[Required action]
No pictures go in the copy. Restate, word for word, each line from the one containing "Detail view of" through the last line below.

[Data for this exercise]
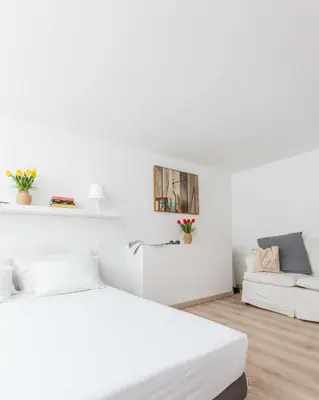 a white room with two beds and a couch at Mini apartment Cairoli 2 - Zeno 42 in Rome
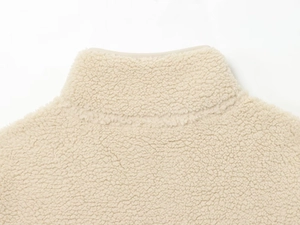 Detail view of beige fleece sweater collar with high neck stitching and plush texture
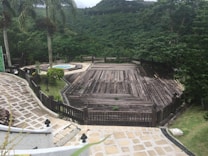 A large wooden deck surrounded by lush greenery overlooks a verdant hillside. Tall palm trees stand by the side, and a circular stone pathway leads to a small round pool. The scene is peaceful and secluded, suggesting a spot for relaxation amidst nature.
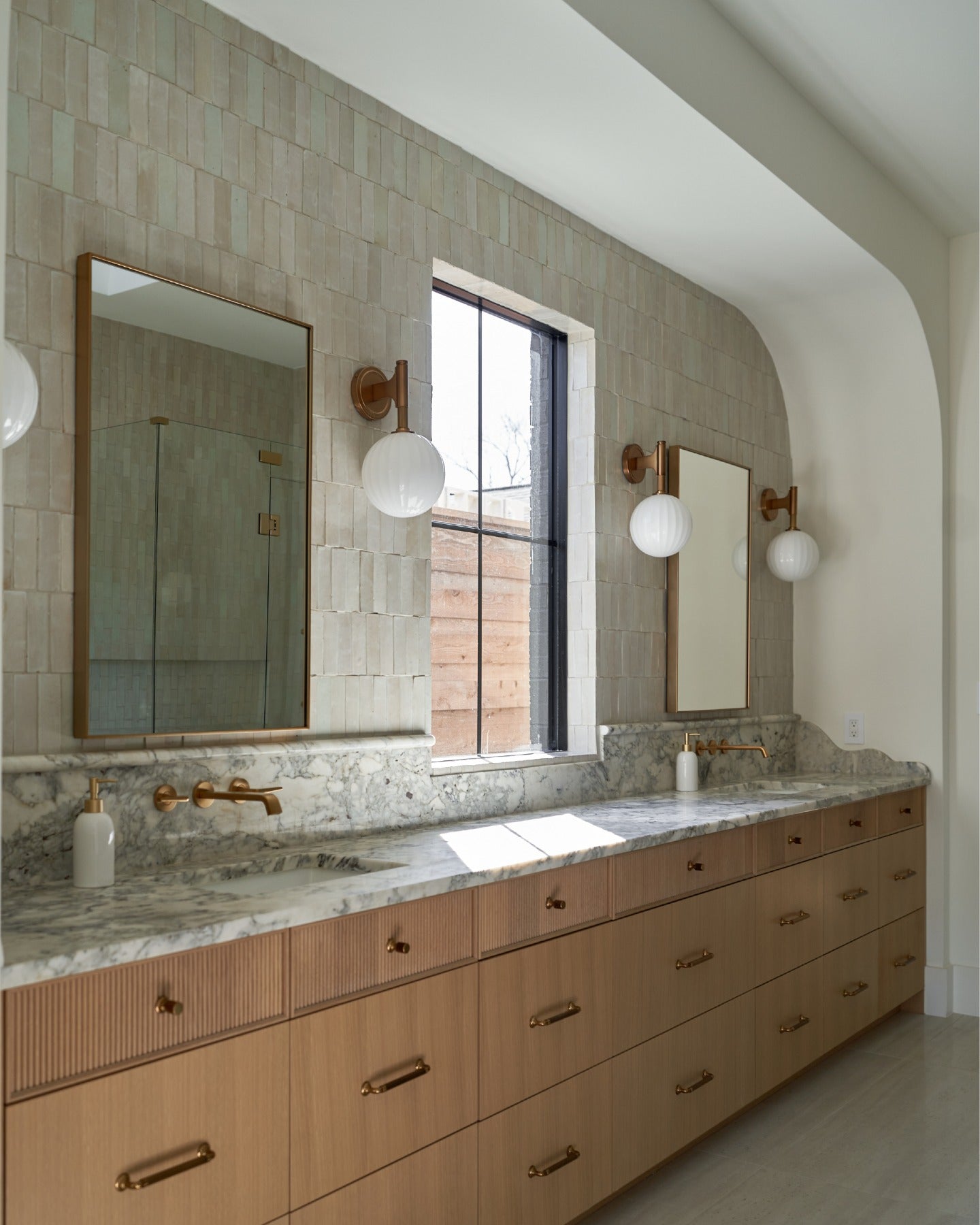 Beautiful homes begin with a shared vision.

Thoughtful architecture, timeless lighting, handcrafted tile, and natural stone carry a quiet sense of continuity from the primary bath to the kitchen, butler's pantry, and laundry room, creating a home that feels beautifully whole.

Created in collaboration with @buildtx and @rejuvenation. (image 4)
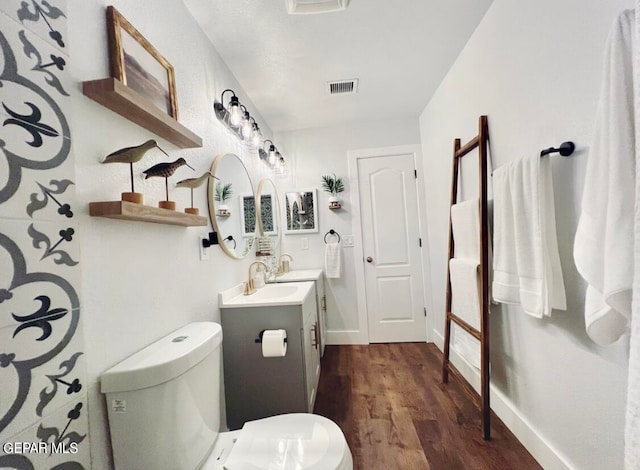 bathroom featuring vanity, toilet, and hardwood / wood-style floors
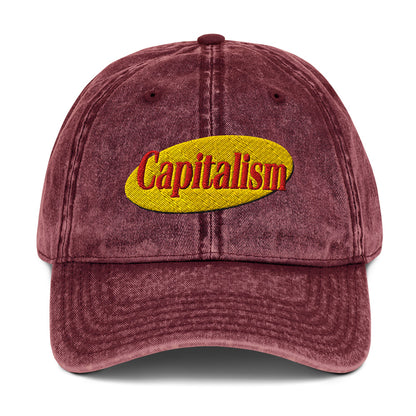 "Capitalism" in retro sitcom-style lettering on a vintage washed cotton twill cap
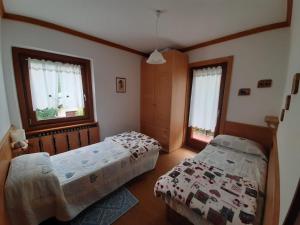 a bedroom with two beds and two windows at Appartamento al Pelmo in Villanova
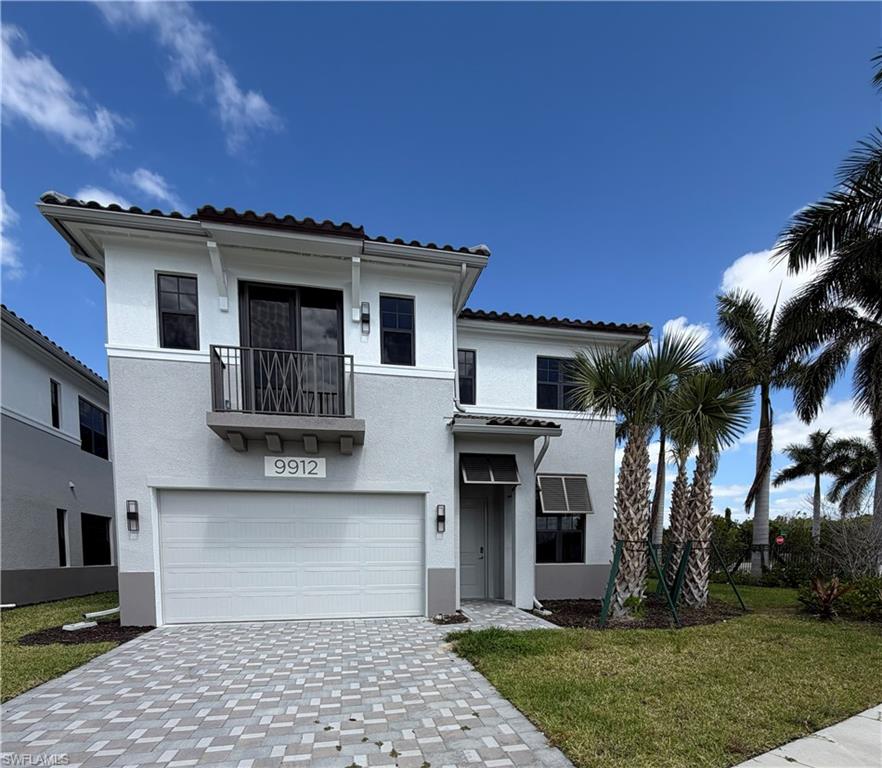 The property features a two-story stucco exterior with a tiled roof, an integrated garage, and a paver driveway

[Written answer]
 Detail view of beige fleece sweater collar with high neck stitching and plush texture
 A large wooden deck surrounded by lush greenery overlooks a verdant hillside. Tall palm trees stand by the side, and a circular stone pathway leads to a small round pool. The scene is peaceful and secluded, suggesting a spot for relaxation amidst nature.
 Beautiful homes begin with a shared vision.

Thoughtful architecture, timeless lighting, handcrafted tile, and natural stone carry a quiet sense of continuity from the primary bath to the kitchen, butler's pantry, and laundry room, creating a home that feels beautifully whole.

Created in collaboration with @buildtx and @rejuvenation. (image 4)
 bathroom featuring vanity, toilet, and hardwood / wood-style floors
 "Capitalism" in retro sitcom-style lettering on a vintage washed cotton twill cap
 a bedroom with two beds and two windows at Appartamento al Pelmo in Villanova
 The property features a two-story stucco exterior with a tiled roof, an integrated garage, and a paver driveway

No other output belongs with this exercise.